COLLECTED MATERIAL section start
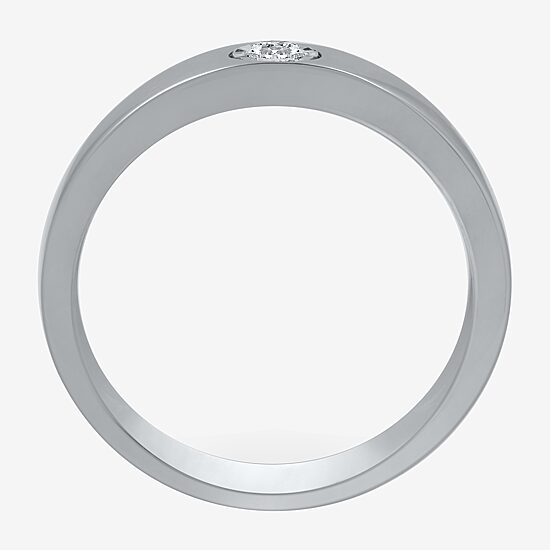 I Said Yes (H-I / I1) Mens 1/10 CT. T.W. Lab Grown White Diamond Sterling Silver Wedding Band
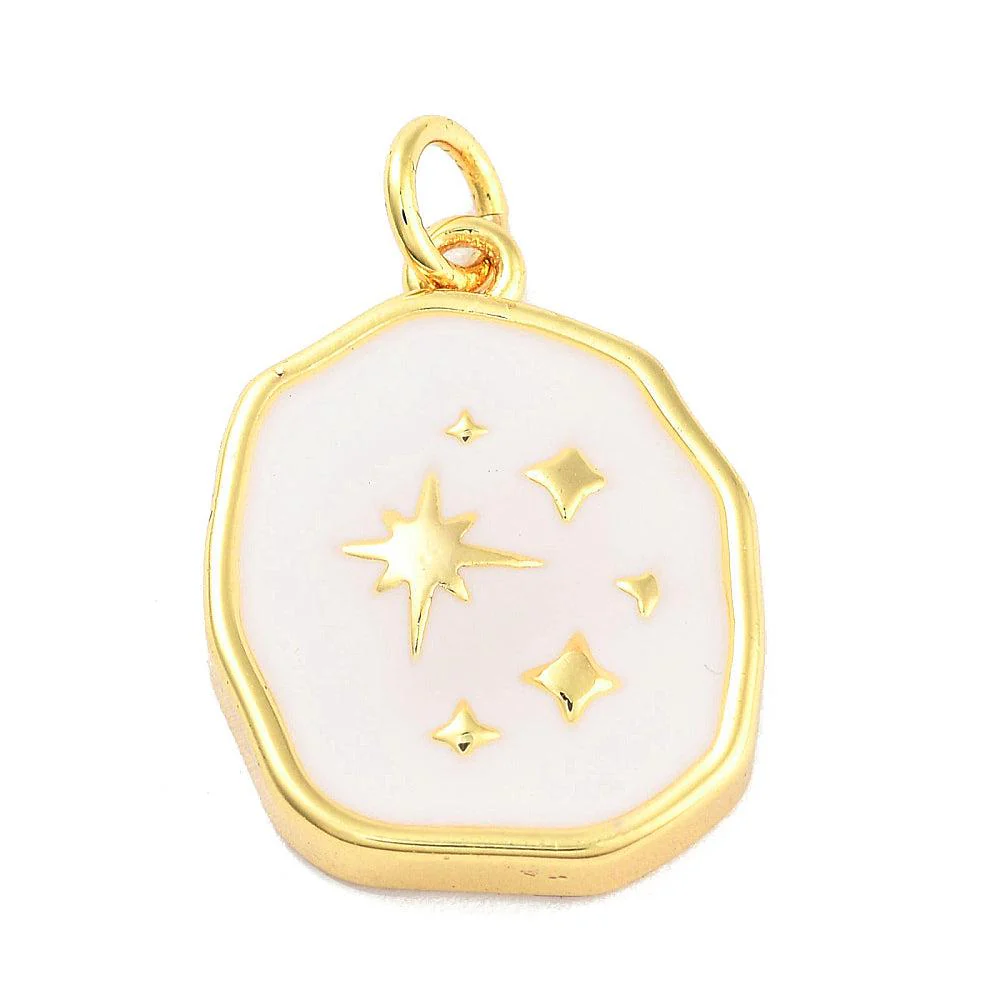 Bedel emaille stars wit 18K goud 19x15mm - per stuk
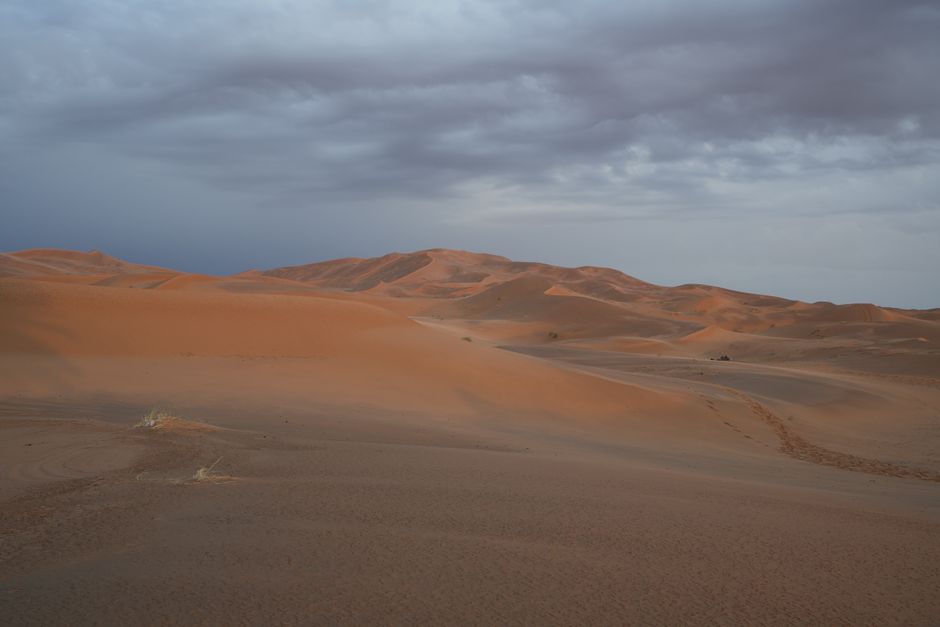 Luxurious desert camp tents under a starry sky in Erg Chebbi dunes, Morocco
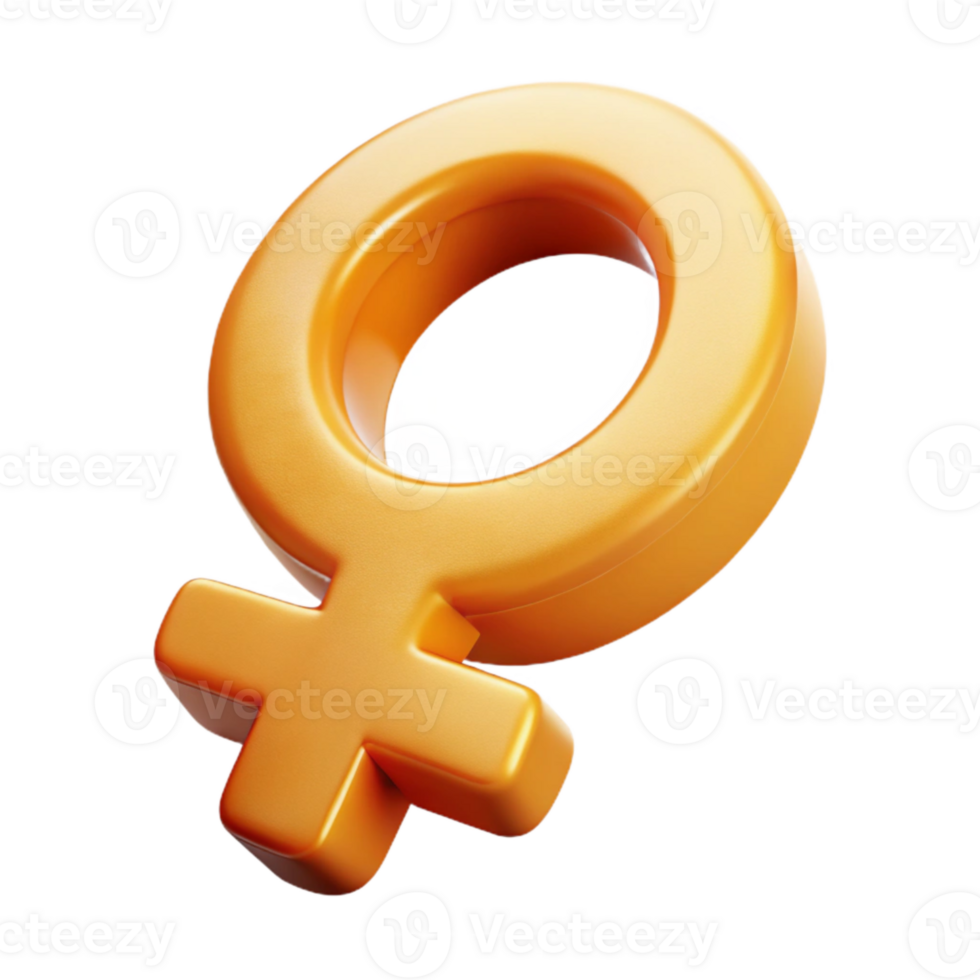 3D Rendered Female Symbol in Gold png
COLLECTED MATERIAL section end
Output the line containing "Bedel emaille stars" and each line after it, through the end of the material, exactly as given. No pictures belong in the output.

 Bedel emaille stars wit 18K goud 19x15mm - per stuk
 Luxurious desert camp tents under a starry sky in Erg Chebbi dunes, Morocco
 3D Rendered Female Symbol in Gold png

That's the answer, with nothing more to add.